Exercise directions. Write out every record exactly as it appears. Skip the pictures.

Stored items from a collection.
--------------------
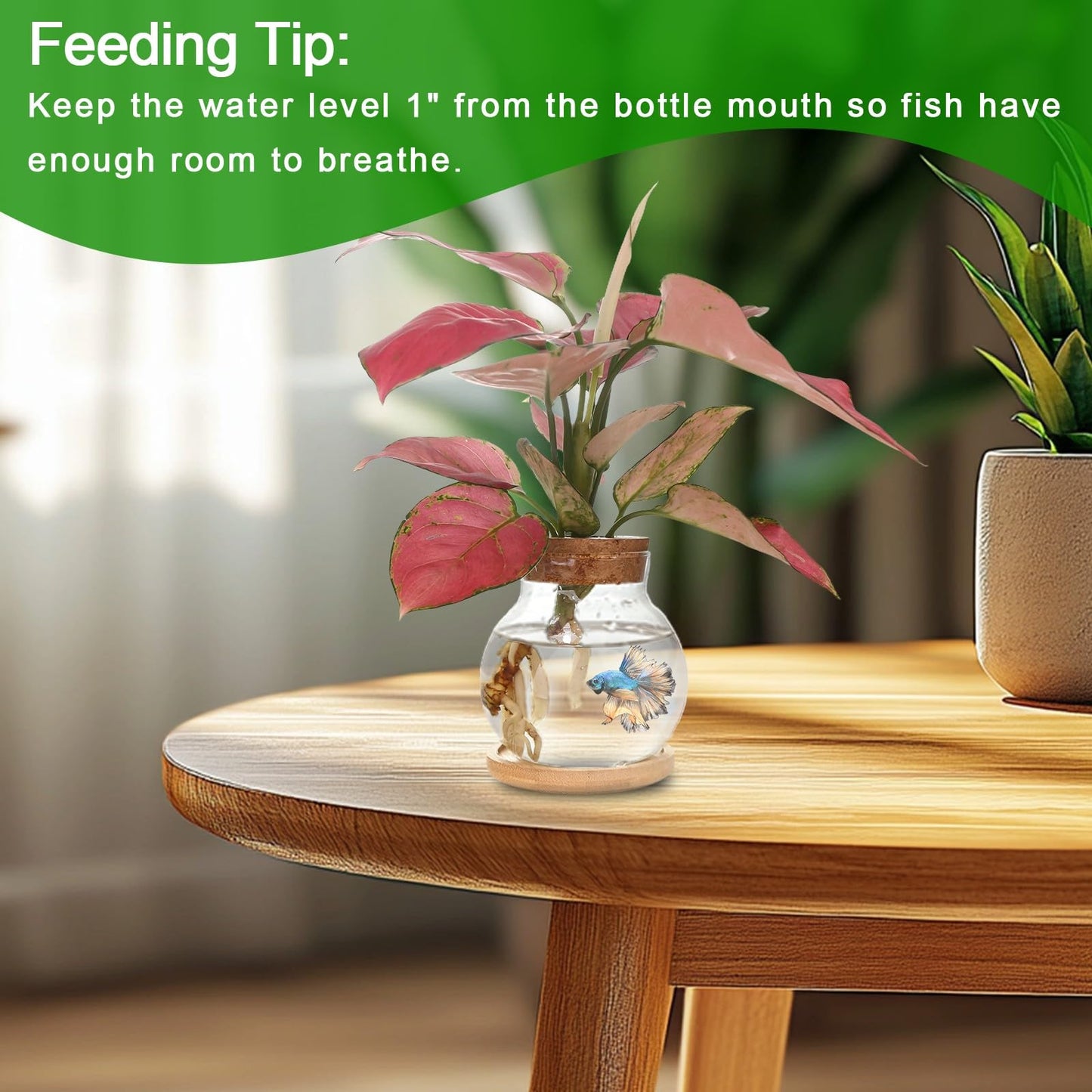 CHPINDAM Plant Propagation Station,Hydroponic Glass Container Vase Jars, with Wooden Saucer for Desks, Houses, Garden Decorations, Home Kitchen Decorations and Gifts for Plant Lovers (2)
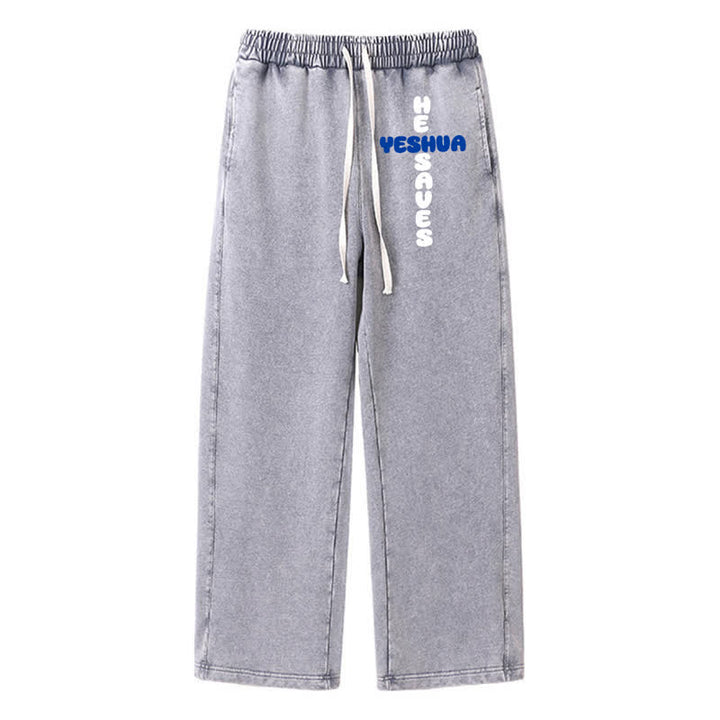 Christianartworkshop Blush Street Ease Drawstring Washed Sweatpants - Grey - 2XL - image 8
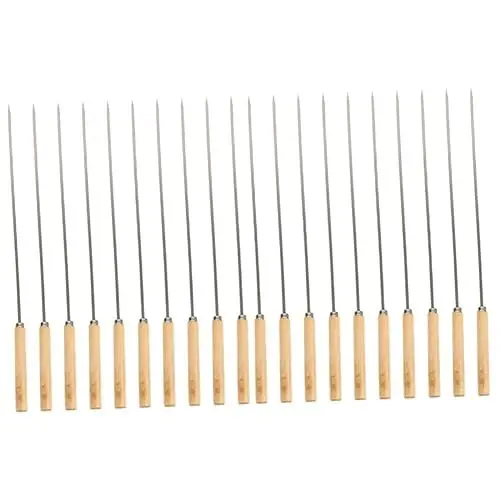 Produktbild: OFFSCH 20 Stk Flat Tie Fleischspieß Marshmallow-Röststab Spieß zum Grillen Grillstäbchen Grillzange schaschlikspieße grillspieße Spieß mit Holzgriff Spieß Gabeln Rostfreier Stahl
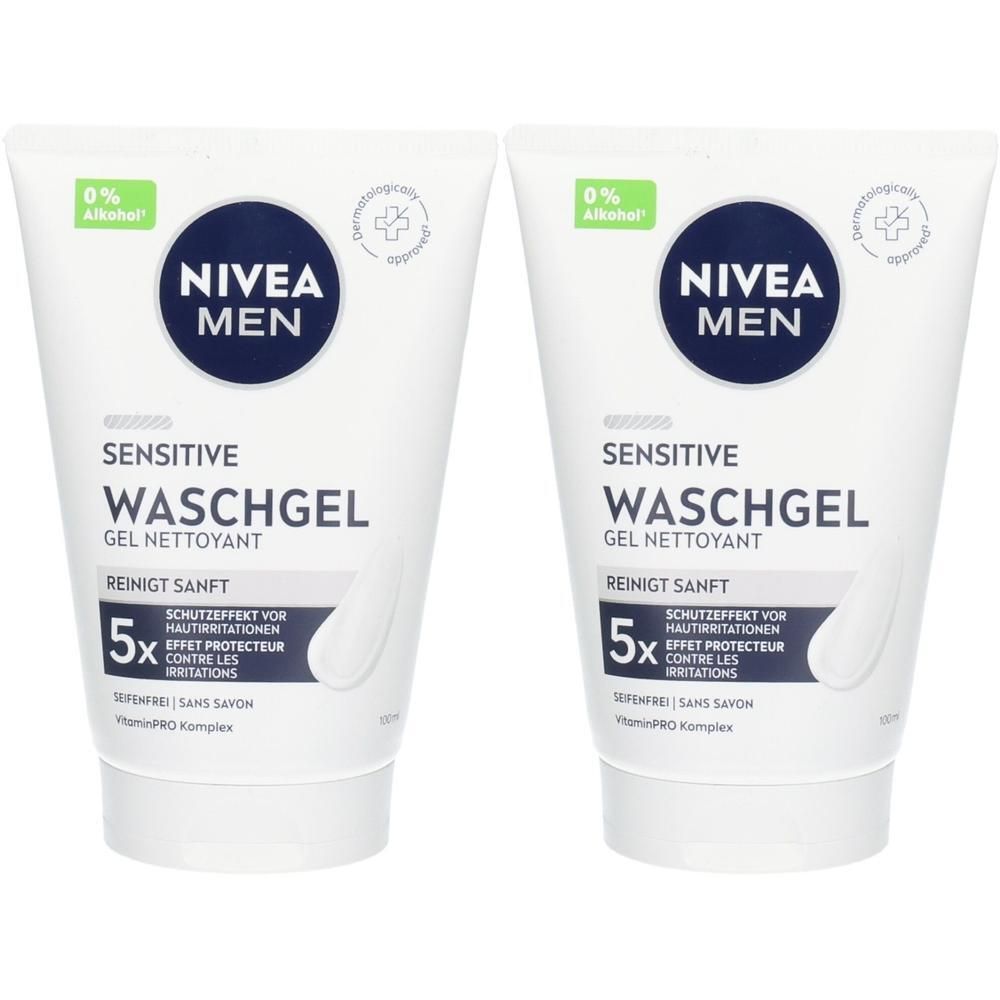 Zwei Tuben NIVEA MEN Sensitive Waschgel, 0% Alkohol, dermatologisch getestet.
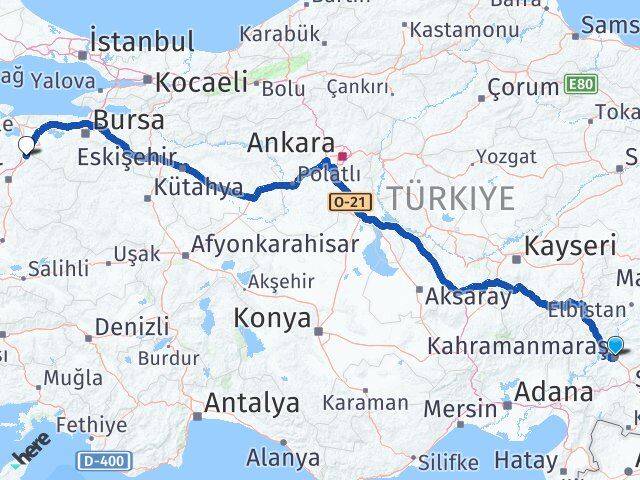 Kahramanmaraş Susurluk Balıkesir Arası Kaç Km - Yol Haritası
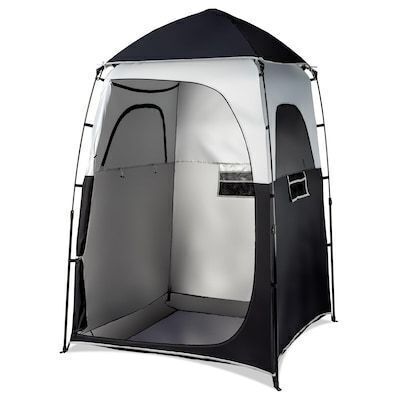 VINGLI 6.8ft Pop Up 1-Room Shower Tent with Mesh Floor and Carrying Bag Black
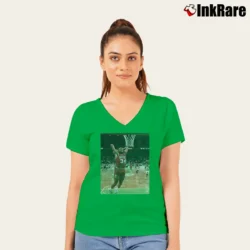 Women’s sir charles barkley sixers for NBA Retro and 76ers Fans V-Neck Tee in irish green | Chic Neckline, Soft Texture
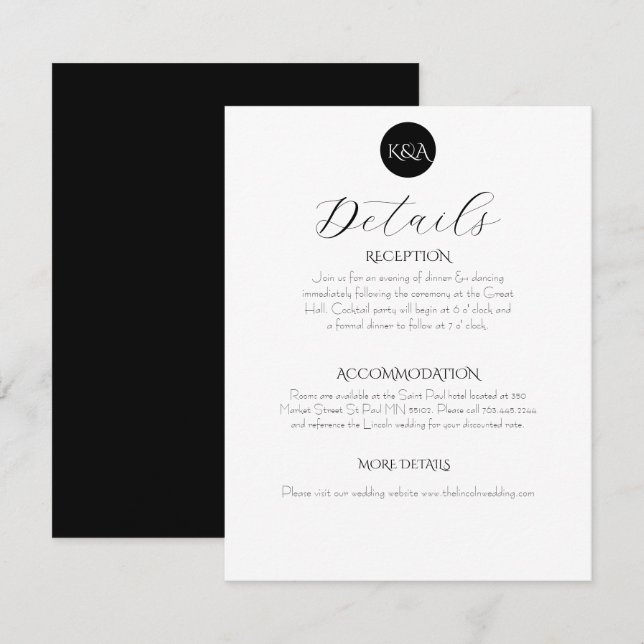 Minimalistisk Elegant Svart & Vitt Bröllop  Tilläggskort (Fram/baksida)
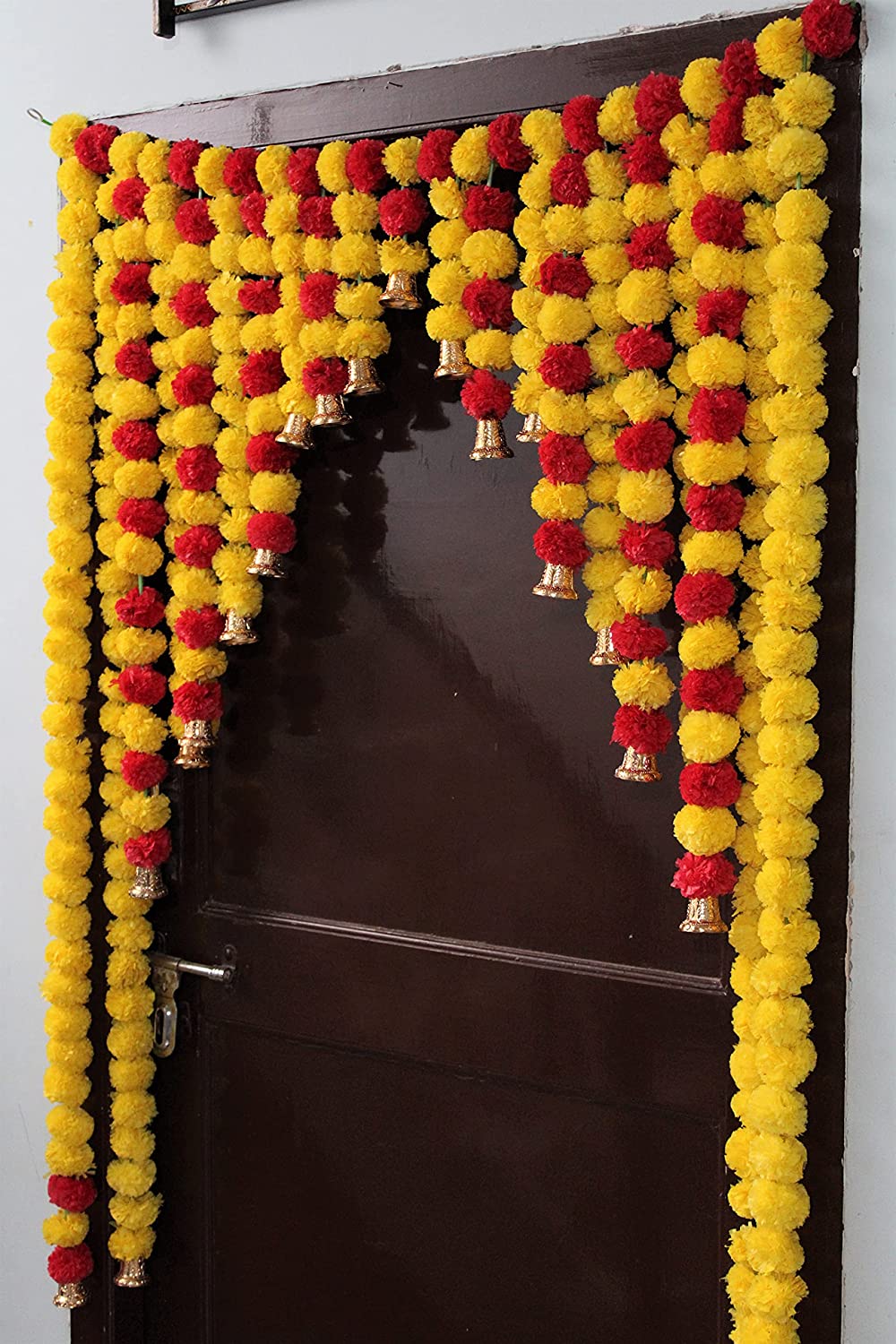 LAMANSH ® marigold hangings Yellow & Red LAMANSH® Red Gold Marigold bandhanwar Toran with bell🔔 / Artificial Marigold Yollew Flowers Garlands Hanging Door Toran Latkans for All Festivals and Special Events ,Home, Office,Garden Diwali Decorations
--------------------
Your response.
 CHPINDAM Plant Propagation Station,Hydroponic Glass Container Vase Jars, with Wooden Saucer for Desks, Houses, Garden Decorations, Home Kitchen Decorations and Gifts for Plant Lovers (2)
 Christianartworkshop Blush Street Ease Drawstring Washed Sweatpants - Grey - 2XL - image 8
 Produktbild: OFFSCH 20 Stk Flat Tie Fleischspieß Marshmallow-Röststab Spieß zum Grillen Grillstäbchen Grillzange schaschlikspieße grillspieße Spieß mit Holzgriff Spieß Gabeln Rostfreier Stahl
 Zwei Tuben NIVEA MEN Sensitive Waschgel, 0% Alkohol, dermatologisch getestet.
 Kahramanmaraş Susurluk Balıkesir Arası Kaç Km - Yol Haritası
 VINGLI 6.8ft Pop Up 1-Room Shower Tent with Mesh Floor and Carrying Bag Black
 Women’s sir charles barkley sixers for NBA Retro and 76ers Fans V-Neck Tee in irish green | Chic Neckline, Soft Texture
 Minimalistisk Elegant Svart & Vitt Bröllop  Tilläggskort (Fram/baksida)
 LAMANSH ® marigold hangings Yellow & Red LAMANSH® Red Gold Marigold bandhanwar Toran with bell🔔 / Artificial Marigold Yollew Flowers Garlands Hanging Door Toran Latkans for All Festivals and Special Events ,Home, Office,Garden Diwali Decorations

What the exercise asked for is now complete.